La Cour de cassation a été saisie d’un litige fiscal concernant une succession en présence de collatéraux privilégiés. En l’espèce, la sœur d’un défunt avait renoncé à la succession de ce dernier. Le fils ainsi que les enfants du second fils prédécédé de la sœur renonçante étaient venus à la succession en se prévalant du barème fiscal applicable entre frères et sœurs (à savoir abattement de 15 932 euros, taxation à 35% jusqu’à 24 430 euros d’actif net imposable par héritier et 45% au-delà) plus favorable que celui applicable aux neveux et nièces (abattement de 7 967 euros et taxation à 55%). L’administration fiscale avait contesté le bénéfice de ce barème fiscal conformément à ses commentaires publiés au BOFIP (BOI-ENR-DMTG-10-50-80 n° 330 cf. Rép. Min.Candelier n° 54899 JOAN du 26 janvier 2010).

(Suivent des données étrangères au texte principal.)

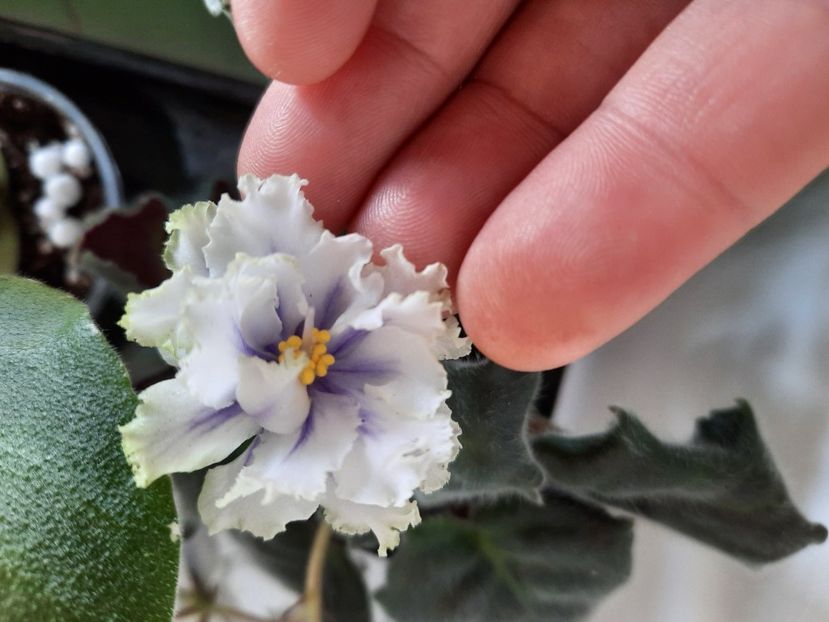  - RM Rosa v Izumrude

Contrairement aux juges de 1ère instance qui avaient donné raison à l’administration fiscale,  la Cour d’Appel de Paris avait considéré qu’il était permis de tenir compte de l’abattement et du barème applicables en fonction du lien de parenté existant entre le défunt et la personne représentée.

La Cour de cassation a censuré la Cour d’Appel de Paris en considérant qu’en l’absence de frères ou sœurs du défunt, les neveux et nièces venaient de leur propre chef à la succession. Le barème fiscal applicable entre frères et sœurs ne pouvait pas s’appliquer aux neveux et nièces. Dans plusieurs arrêts rendus le même jour, la Cour de cassation a rappelé au préalable qu’au plan civil, la représentation ne pouvait jouer qu’en présence d’une pluralité de souches.

Ces arrêts confirment la jurisprudence rendue antérieurement (Cass.1ère chambre civile, 14 mars 2018 n° 17-14.583) ainsi que la doctrine administrative publiée au BOFIP.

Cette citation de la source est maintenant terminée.